Rule 1: Think like your audience
When you’re working with digital mapping and GIS every day it’s easy to assume that everyone understands what a map “is” and what your map represents. The OpusMap team once worked with a company who provided a map printing service and were trying to encourage customers to order over the web using a text-based form. However, time and again customers were unable to complete the form because even though it provided simple drop down menus for choosing scale and paper size, the vast majority of buyers were unable to visualise how a 1:10,000 scale map printed at A1 would differ from a 1:5,000 scale map printed at A1 and so on.
Usability testing – i.e. understanding maps the way users understand them – is an important component in building a website and it’s applicable to how you design your web map and how you identify the way users will engage with your web map. When it comes to usability testing of web maps you are not your user no matter how much you may know about GIS, cartography or using maps and data in your day-to-day work.
Rule 2: Keep it simple, stupid
A GIS is a very powerful piece of software. It has many useful functions and tools to help users interact with, interpret and analyse maps and data. It’s easy to assume that replicating these functions and tools online with your web map will keep the user happy.

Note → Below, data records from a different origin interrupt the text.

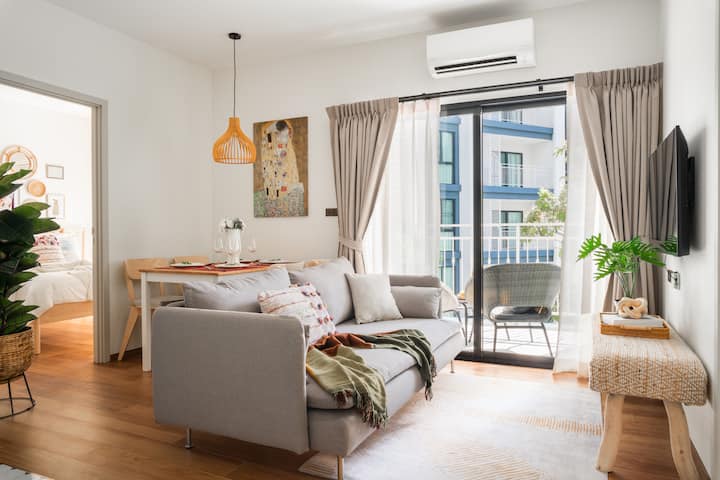 La elegante sala de estar está decorada en colores brillantes. ¡Lleno de luz y comodidad!
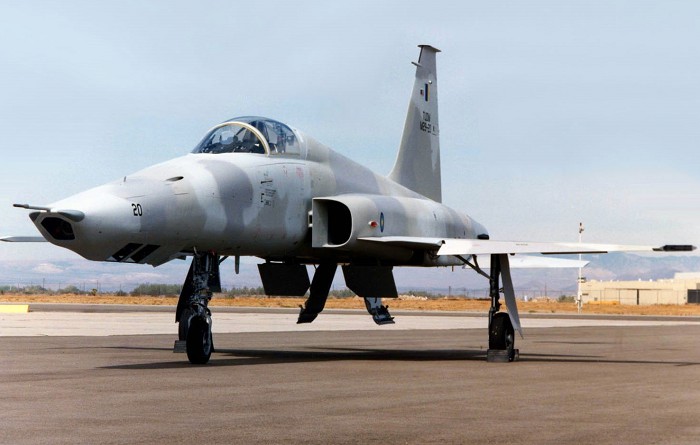 Самолет-разведчик RF-5E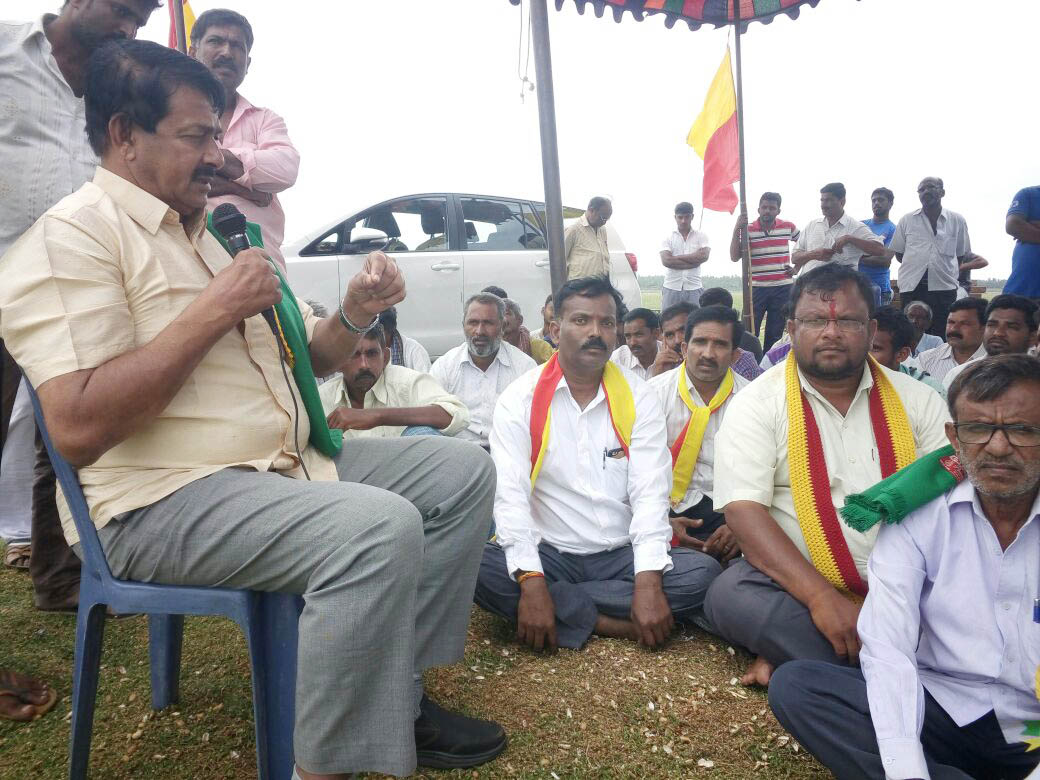 ಕೆರೆಯಂಗಳದಲ್ಲಿ ಧರಣಿಗೆ ಶಾಸಕ ಕೆ.ಎಸ್.ಪುಟ್ಟಣ್ಣಯ್ಯ ಬೆಂಬಲ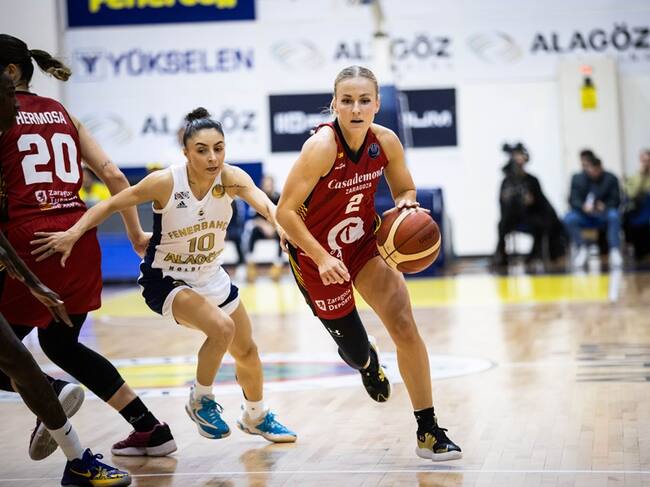 Petra Holesinska encara a una jugadora del Fenerbache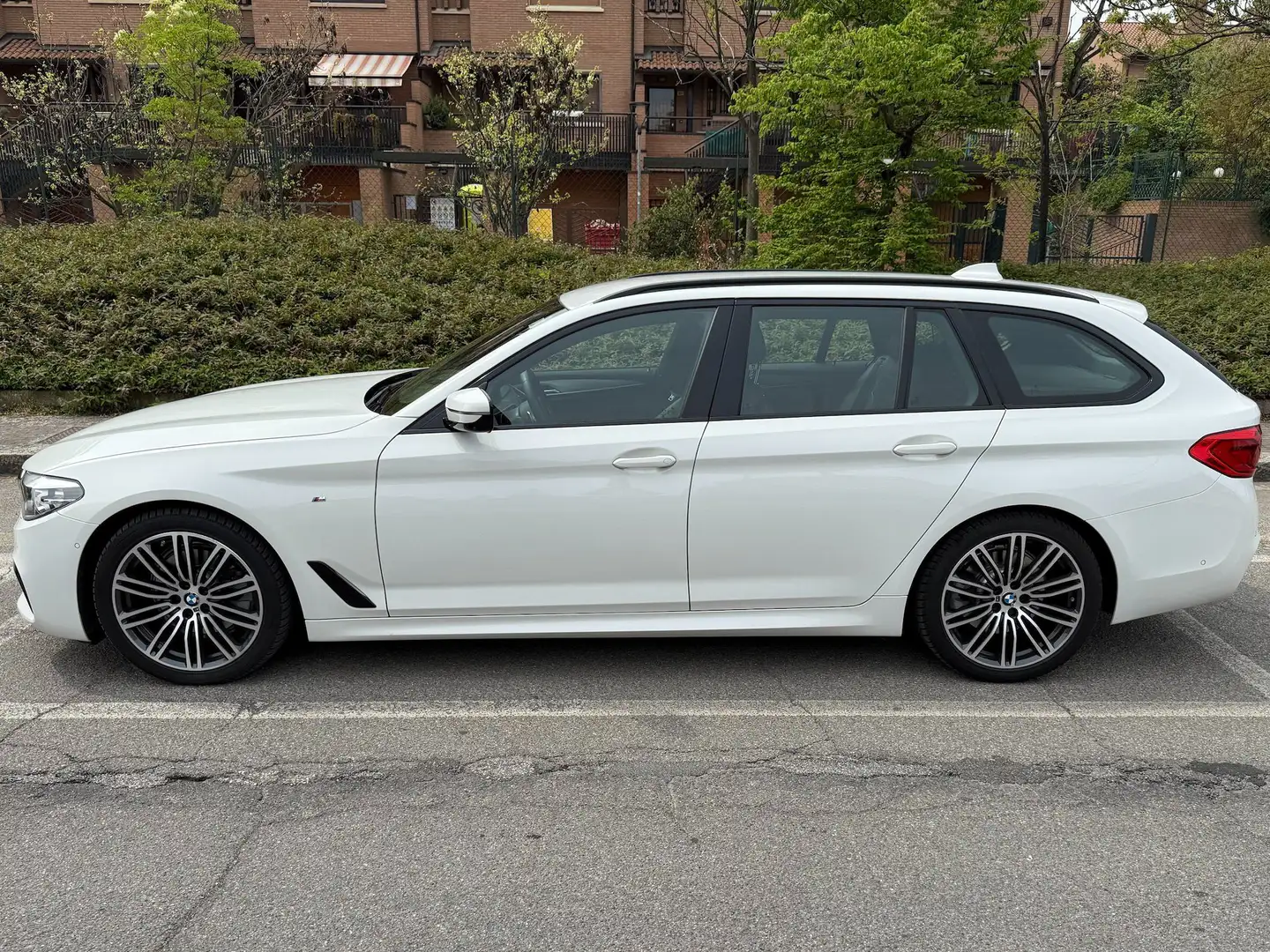 BMW 520 520d Touring 2020 G31 xdrive MSport - mhev 48V Beyaz - 2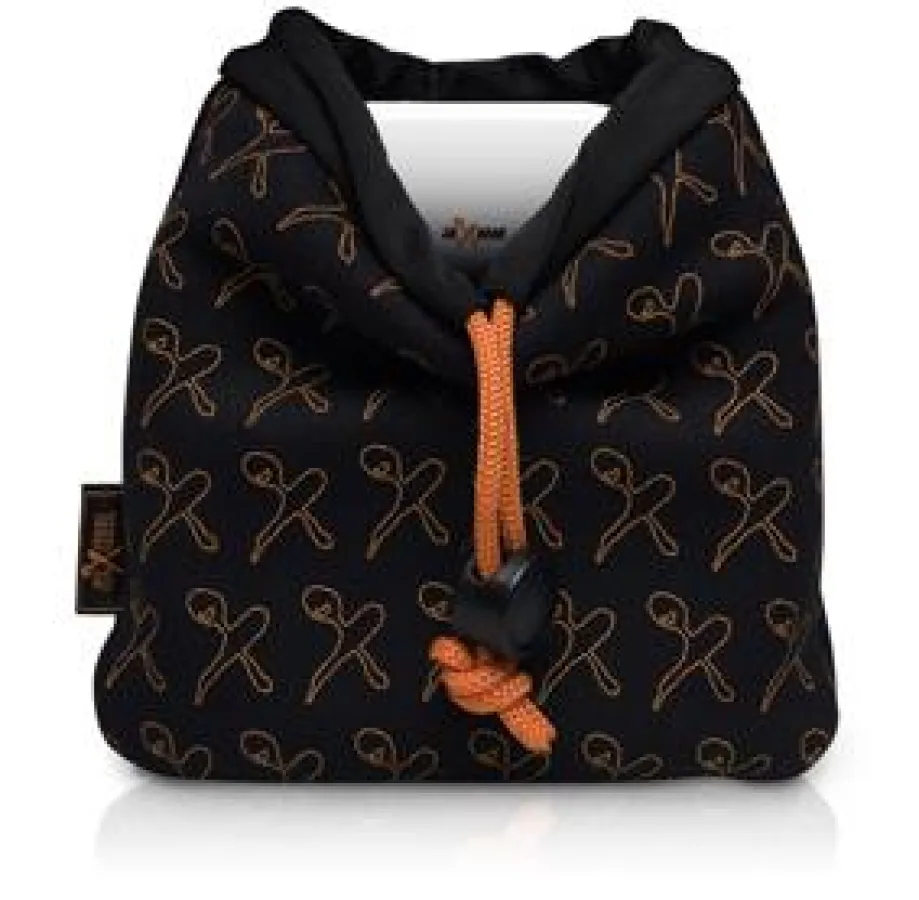 Der neue „aXboTravel“ kann im Travel-Bag sicher und platzsparend transportiert werden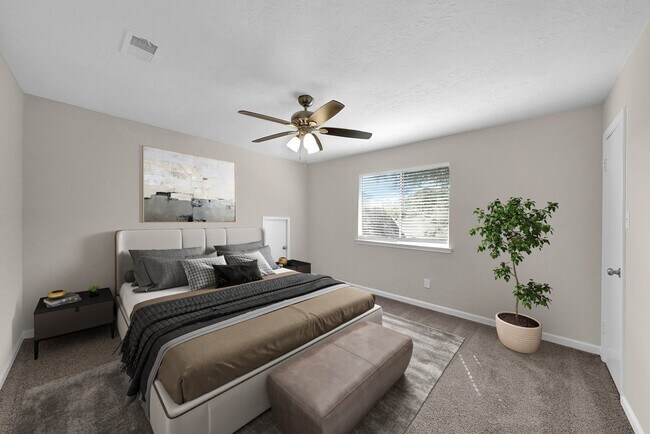 Building Photo - 16922 Nicole Ln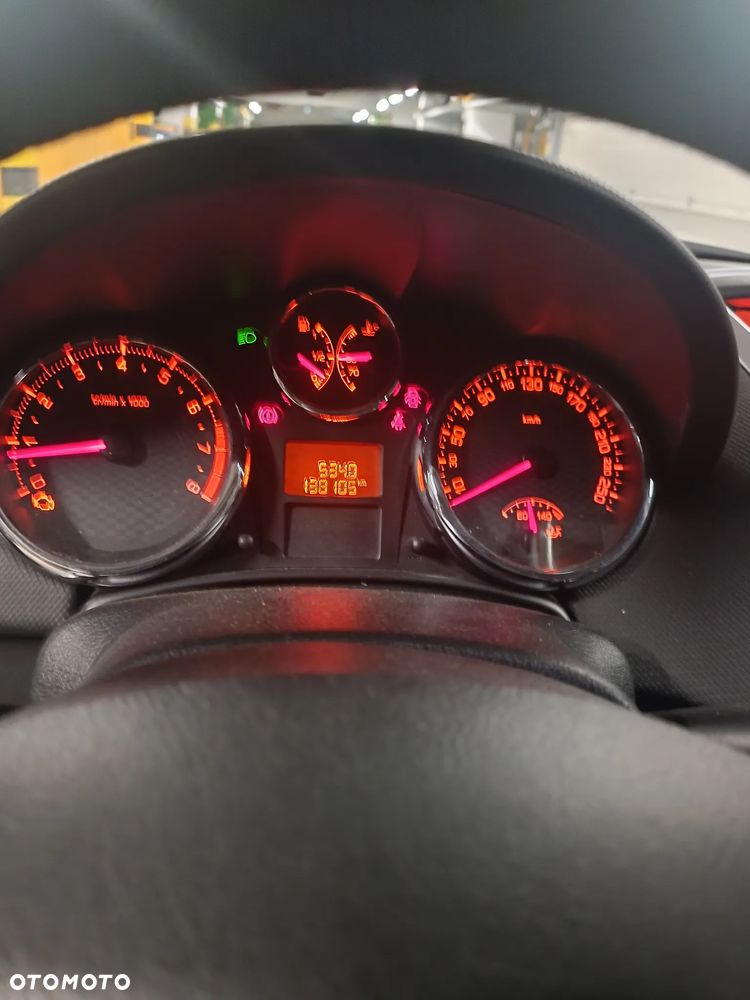 Peugeot 207 RC - 11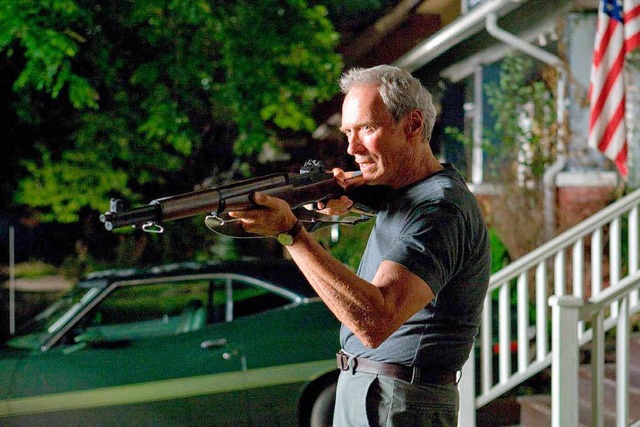 Runter von meinem Rasen! Clint Eastwood als verbitterter Koreakriegsvereran Walt  | Foto: warner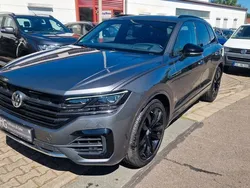 Grau Gebraucht 2019 VW Touareg R-line SUV | 34.000 € (Guter Preis)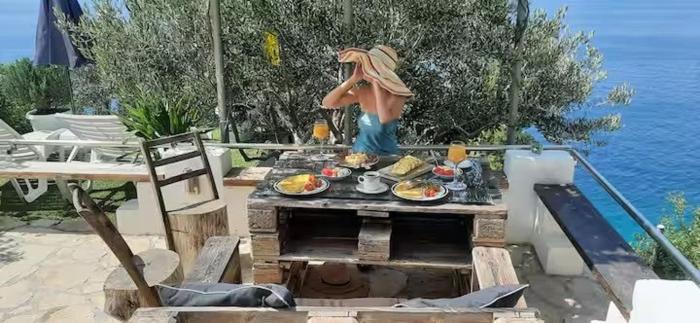 Apartmant with sea view and beach infront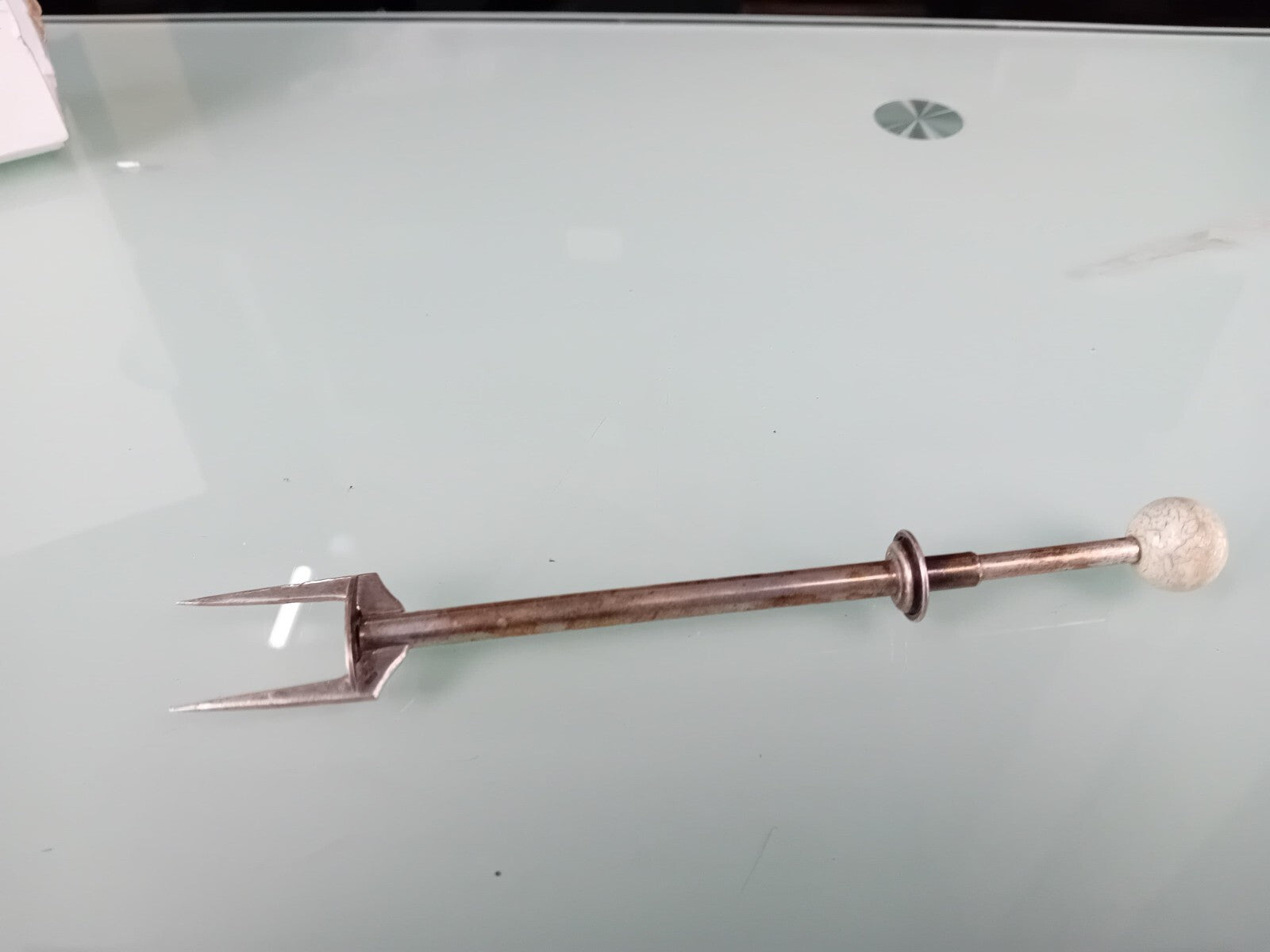 SILVER SPRING LOADED PICKLE FORK / SERVER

Most web maps are telling a specific story. This might be “where the best cycle routes are for cyclists of different abilities” or “where Local Plan policies will be developed in the next 10 years”. Features and tools should only be used if they support your web map’s story otherwise, you risk distracting or even alienating users. Something as basic as how you layer your map and style those layers can make a big difference in how easy it is to interpret your web map and know where to engage with the data shown on the map.
If the purpose of your web map is to help users make a decision. then it’s important that your web map’s usability supports that decision-making process. More choices and features do not necessarily result in higher satisfaction and a frustrated user is unlikely to make a decision at all, let alone the right decision.
Rule 3: The need for speed
Web maps are generated from a server to your browser. Each time a user makes a change – for example to the viewing scale of the map, or to the number of layers shown on the map, or to where the map is centred – the server has to undertake a process before the user sees the change in their web browser.
If you want your map to support making these user changes quickly you need to make sure that both the server and the user’s web browser are able to make full use of caching. Caching essentially means that the server and the user’s web browser are able to store and make use of the same processes (i.e. changes) applied to your web map rather than have to start from scratch.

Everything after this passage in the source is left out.